◆ DIRECTIONS ◆
From the data below, return only the lines from the one with "Navy Mermaid senza" through the one with "[T47593] Placa armada", exact and inclusive, with pictures left out.

◆ DATASET EXTRACT ◆

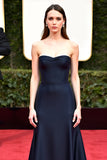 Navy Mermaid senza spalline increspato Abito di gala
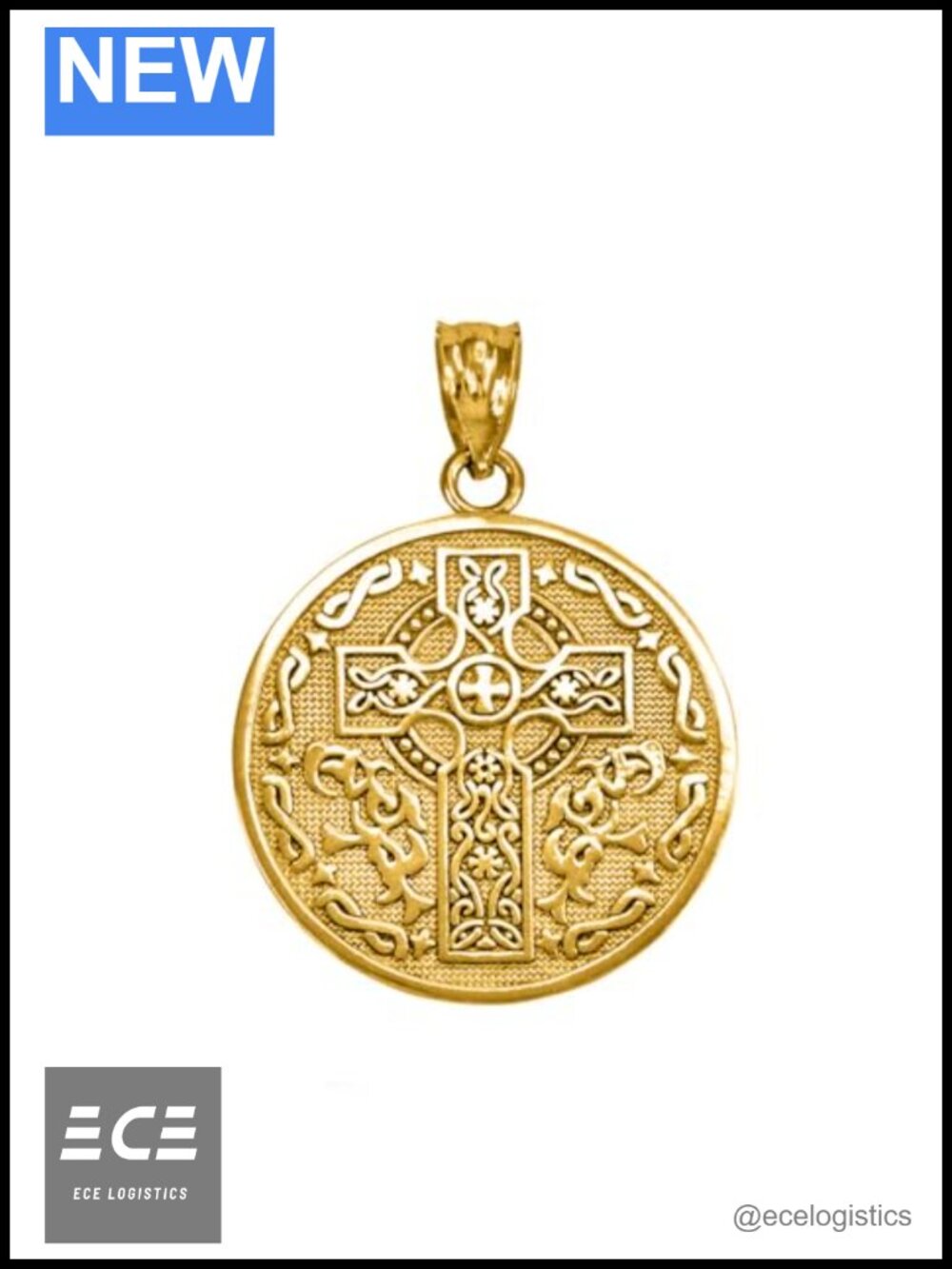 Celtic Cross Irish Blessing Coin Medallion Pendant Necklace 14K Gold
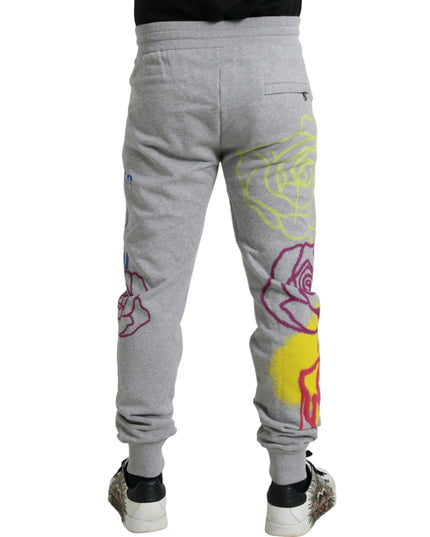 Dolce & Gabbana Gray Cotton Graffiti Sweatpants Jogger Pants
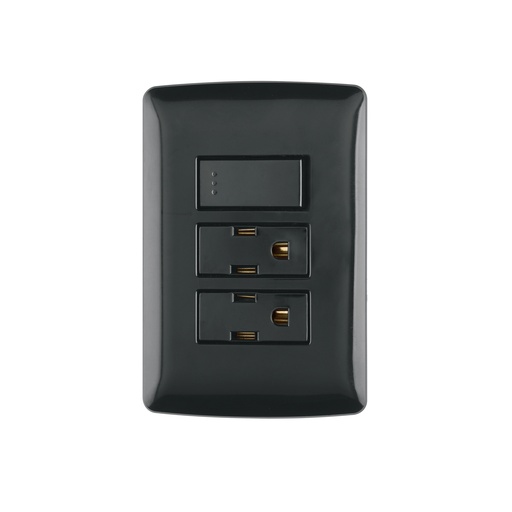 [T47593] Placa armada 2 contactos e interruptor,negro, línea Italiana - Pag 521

* * *

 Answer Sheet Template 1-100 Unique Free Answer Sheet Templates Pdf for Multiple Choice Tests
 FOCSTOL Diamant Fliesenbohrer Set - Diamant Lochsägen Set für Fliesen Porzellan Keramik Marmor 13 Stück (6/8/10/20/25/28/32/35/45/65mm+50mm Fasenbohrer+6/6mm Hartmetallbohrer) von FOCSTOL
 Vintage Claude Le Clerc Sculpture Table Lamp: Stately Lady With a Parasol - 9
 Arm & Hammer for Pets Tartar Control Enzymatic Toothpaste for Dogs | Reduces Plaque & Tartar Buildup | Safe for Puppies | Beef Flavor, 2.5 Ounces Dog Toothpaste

...

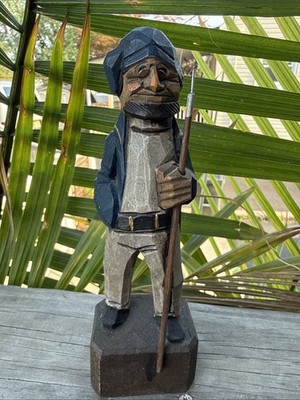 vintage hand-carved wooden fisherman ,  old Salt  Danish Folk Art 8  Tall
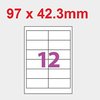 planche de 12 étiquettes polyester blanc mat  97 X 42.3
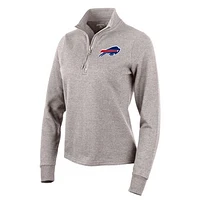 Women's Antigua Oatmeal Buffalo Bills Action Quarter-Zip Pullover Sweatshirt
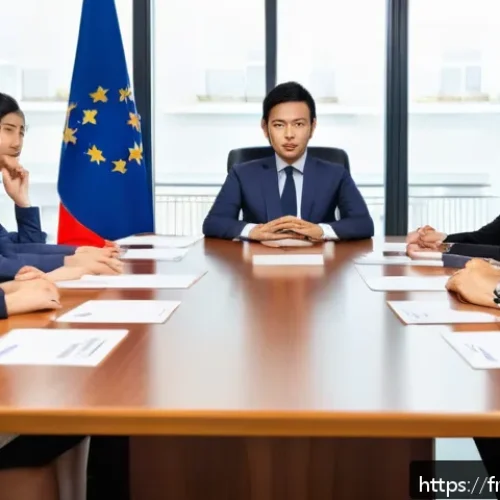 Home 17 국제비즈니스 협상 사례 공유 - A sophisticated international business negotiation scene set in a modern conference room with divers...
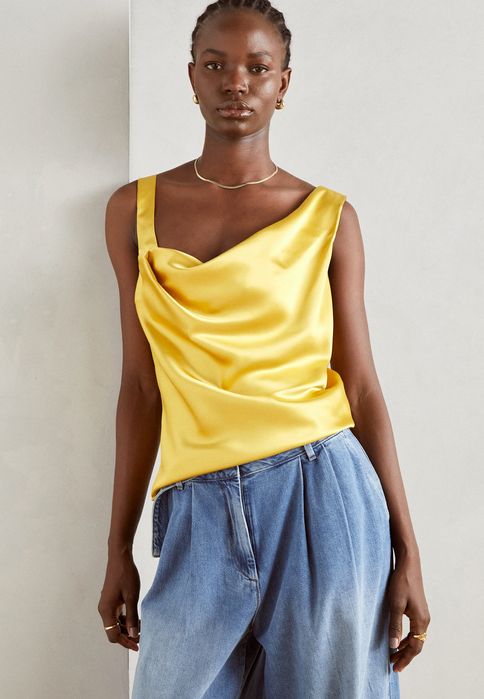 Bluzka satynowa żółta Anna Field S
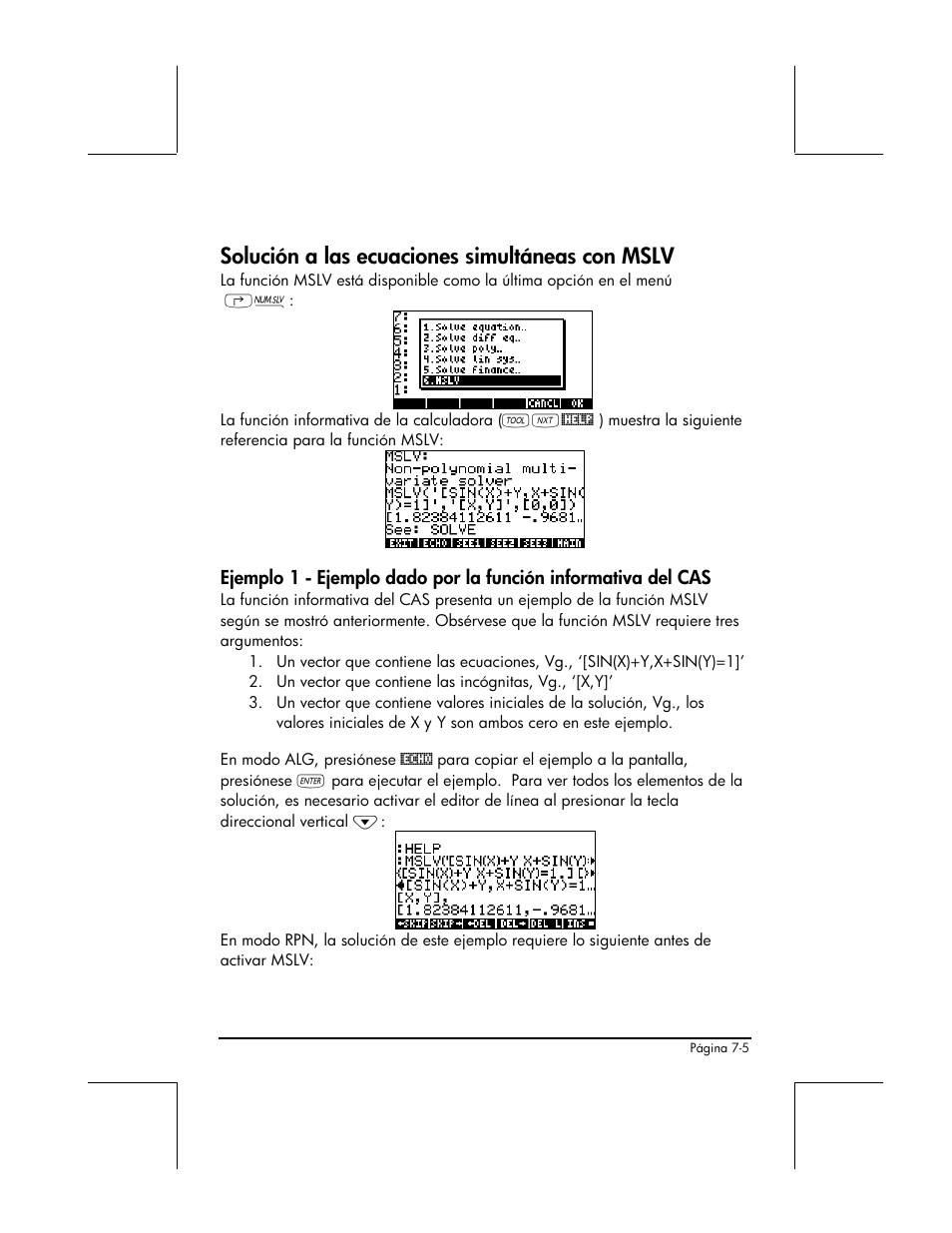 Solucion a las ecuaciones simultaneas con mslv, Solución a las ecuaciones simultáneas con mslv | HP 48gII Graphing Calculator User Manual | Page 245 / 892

◆ OUTPUT FOR THIS TASK ◆
 Navy Mermaid senza spalline increspato Abito di gala
 Celtic Cross Irish Blessing Coin Medallion Pendant Necklace 14K Gold
 Dolce & Gabbana Gray Cotton Graffiti Sweatpants Jogger Pants
 [T47593] Placa armada 2 contactos e interruptor,negro, línea Italiana - Pag 521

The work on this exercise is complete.